Homoerotic Male Relationships
The homoerotic bonds between men play a large role in
structuring the novel. Basil's painting depends upon his adoration
of Dorian's beauty; similarly, Lord Henry is overcome with the desire
to seduce Dorian and mold him into the realization of a type. This
camaraderie between men fits into Wilde's larger aesthetic values,
for it returns him to antiquity, where an appreciation of youth
and beauty was not only fundamental to culture but was also expressed
as a physical relationship between men. As a homosexual living in
an intolerant society, Wilde asserted this philosophy partially
in an attempt to justify his own lifestyle. For Wilde, homosexuality
was not a sordid vice but rather a sign of refined culture. As he
claimed rather romantically during his trial for gross indecency
between men, the affection between an older and younger man places
one in the tradition of Plato, Michelangelo, and Shakespeare.
The Color White
Interestingly, Dorian's trajectory from figure of innocence
to figure of degradation can be charted by Wilde's use of the color
white. White usually connotes innocence and blankness, as it does
when Dorian is first introduced.

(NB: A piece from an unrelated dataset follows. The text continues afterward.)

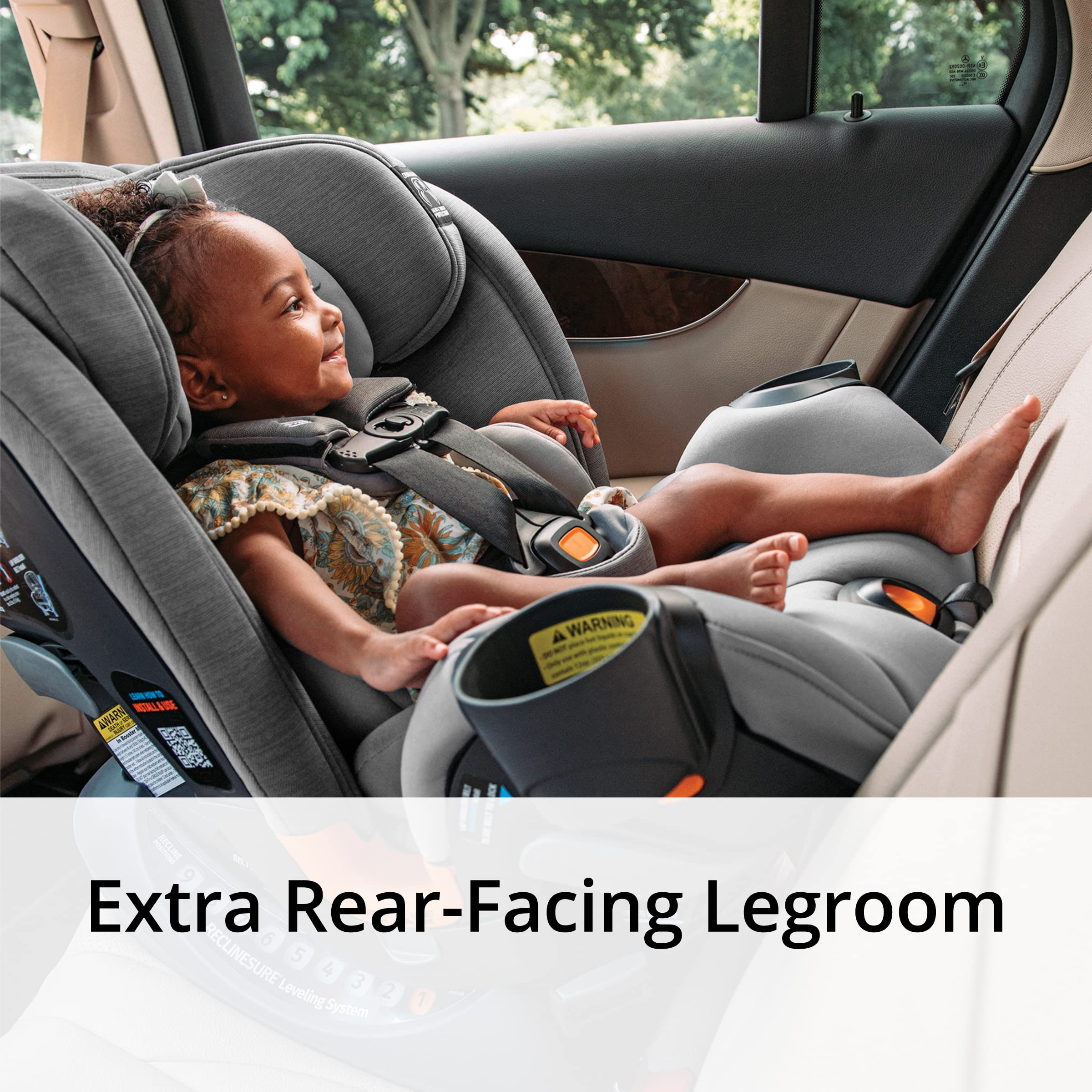 Chicco OneFit ClearTex All-in-One, Rear-Facing Seat for Infants 5-40 lbs, Forward-Facing Car Seat 25-65 lbs, Booster 40-100 lbs, Convertible| Obsidian/Black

It is, in fact, the white purity
of Dorian's boyhood that Lord Henry finds so captivating. Basil invokes
whiteness when he learns that Dorian has sacrificed his innocence,
and, as the artist stares in horror at the ruined portrait, he quotes
a biblical verse from the Book of Isaiah: Though your sins be as
scarlet, yet I will make them as white as snow. But the days of
Dorian's innocence are over. It is a quality he now eschews, and,
tellingly, when he orders flowers, he demands as few white ones
as possible. When the color appears again, in the form
of James Vane's facelike a white handkerchiefpeering in through
a window, it has been transformed from the color of innocence to
the color of death. It is this threatening pall that makes Dorian
long, at the novel's end, for his rose-white boyhood, but the
hope is in vain, and he proves unable to wash away the stains of
his sins.
Symbols
Symbols are objects, characters, figures, or colors
used to represent abstract ideas or concepts.
The Opium Dens
The opium dens, located in a remote and derelict section
of London, represent the sordid state of Dorian's mind. He flees
to them at a crucial moment. After killing Basil, Dorian seeks to
forget the awfulness of his crimes by losing consciousness in a
drug-induced stupor. Although he has a canister of opium in his
home, he leaves the safety of his neat and proper parlor to travel
to the dark dens that reflect the degradation of his soul.
James Vane
James Vane is less a believable character than an embodiment
of Dorian's tortured conscience. As Sibyl's brother, he is a rather
flat caricature of the avenging relative. Still, Wilde saw him as
essential to the story, adding his character during his revision
of 1891. Appearing at the dock and later
at Dorian's country estate, James has an almost spectral quality.
Like the ghost of Jacob Marley in Charles Dickens's A Christmas
Carol, who warns Scrooge of the sins he will have to face,
James appears with his face like a white handkerchief to goad
Dorian into accepting responsibility for the crimes he has committed.
The Yellow Book
Lord Henry gives Dorian a copy of the yellow book as a
gift. Although he never gives the title, Wilde describes the book
as a French novel that charts the outrageous experiences of its
pleasure-seeking protagonist (we can fairly assume that the book
in question is Joris-Karl Huysman's decadent nineteenth-century
novel À Rebours, translated as Against the Grain
or Against Nature). The book becomes like holy scripture to Dorian,
who buys nearly a dozen copies and bases his life and actions on
it. The book represents the profound and damaging influence that
art can have over an individual and serves as a warning to those
who would surrender themselves so completely to such an influence.